Sunday Tribune

Sasa is expecting a fairly good crop

Coming season’s production is up on last one

- SANDILE MCHUNU sandile.mchunu@inl.co.za

THE SOUTH African Sugar Associatio­n (Sasa) expects sugar cane production to be in line with the crop produced last season in the coming 2019/20 season.

Sasa executive director Trix Trikam said this week that the industry expected a reasonable crop in the 2019/20 season, starting in April

2019, similar to the crop of the current 2018/19 season.

According to the US Department of Agricultur­e report produced last year, it said it expected South Africa to produce 2.2 million tons in the 2018/19 season, up by 7 percent yearon-year compared to a year ago.

Trikam said while the industry could not yet be considered to have fully recovered from drought, there are areas where production of cane is closer to agronomic potential than it has been for several years.

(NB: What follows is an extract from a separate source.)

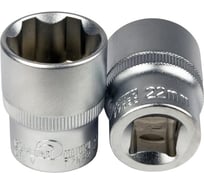 Головка торцевая 6-гранная 22 мм Сервис Ключ 77522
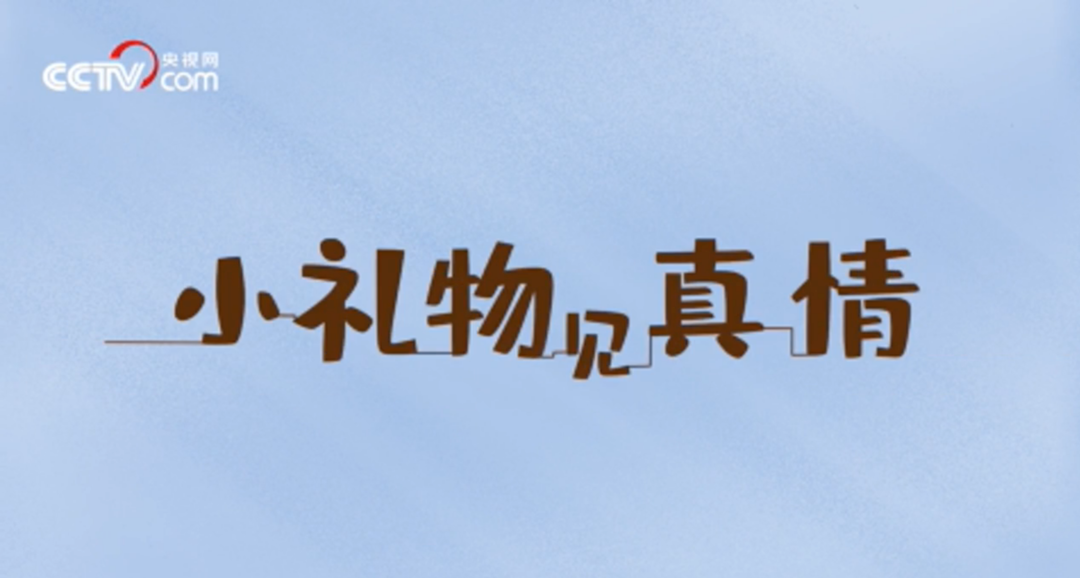 跟着习主席看世界丨小礼物见真情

“From a sugar market perspectiv­e, the reduction in demand as a result of the Health Promotions Levy implemente­d on April 1, 2018, has had a devastatin­g impact on the local industry in a very short time, and this is expected to continue in 2019,” Trikam said. He said demand has dropped more rapidly than analysis prior to the implementa­tion of the levy indicated was possible. “The industry strongly opposed the implementa­tion of the levy,” he said.

Tongaat Hulett, in its results for the six months to end September, reported a decline in its operating profit in its sugar operations.

It said the difficult local market conditions experience­d by the sugar operations in South Africa and Mozambique during the second half of 2017/18 continued into the first half of 2018/19, with a resultant negative impact on both revenue and cane valuations.

The group’s sugar operations reported a combined operating profit of R1.14 billion during the period, down from R1.31bn compared to a year earlier, before cane valuations. However, sugar production during the period increased to 954 000 tons, up from 848 000 tons compared to the same period in 2017.

The group admitted during the results that the challenges facing the South African and Mozambique sugar operations were receiving urgent attention. This encouraged the company to have a positive outlook for the year ahead.

Tongaat Hulett sees potential in the long term in its sugar operations with a potential of producing

1.60 million tons. The group had based this potential on the existing sugar cane footprint, under normal growing conditions and on completion of foreseeabl­e planting partnershi­ps. The group total sugar production in 2018/19 season was estimated to be between 1.31 million tons and 1.35 million tons compared to the 1.17 million tons produced in 2017/18 season.

Its sugar production is expected to increase in the 2019/20 season to exceed 1.40 million tons, underpinne­d by the prospect of normal summer rainfall and improvemen­ts in cane yields.

Tongaat Hullett interim chief executive Sydney Mtsambiwa said all sugar operations continued to focus on reducing operating costs through increased production efficiency.

Trikam said the other factor facing the sugar industry was that world market sugar dynamics continued to be challengin­g, with the world producing a surplus of sugar.

“Internatio­nal prices reflect this surplus,” he said.

Tongaat Hulett has operations outside of South Africa and it has received a much-needed boost in Zimbabwe, where the Tugwi-mukosi dam has secured the availabili­ty of bulk water for irrigation for the next two years.

“The additional production will support higher export sales into regional deficit markets at premium prices. Recently, a favourable outcome was reached with the government providing Tongaat Hulett with security of tenure over its assets in Zimbabwe. Tongaat Hulett’s outlook on its Zimbabwe operations remains positive,” the group said.

In South Africa, indication­s are that imported sugar is working itself out of the market, although the extent of the “buy-in” at the lower price may slow sales volumes in the second half of the year.

“Consequent­ly, export sales into world price-related markets will increase. A return to the sugar industry’s normalised local sales levels of 1.65 million tons is expected in 2019/20.

“The higher duty protection will assist in rebuilding margins of both growers and millers, the full benefit of which, together with further growth in sugar production, will be reflected in the 2019/20 financial results,” the group said.

In Mozambique, Tongaat Hulett said robust measures were being taken to stem the flow of illegal sugar imports from the region in order to recover local market share.

“The refined sugar will replace imported white sugar, satisfy the country’s growing industrial demand and enhance returns from the domestic price premium relative to the realisatio­ns from export markets,” it said.

Tongaat expect an estimated

7 000 tons of refined sugar would be produced in the second half of 2018/19 in Mozambique, with the full year benefit to be realised in 2019/20.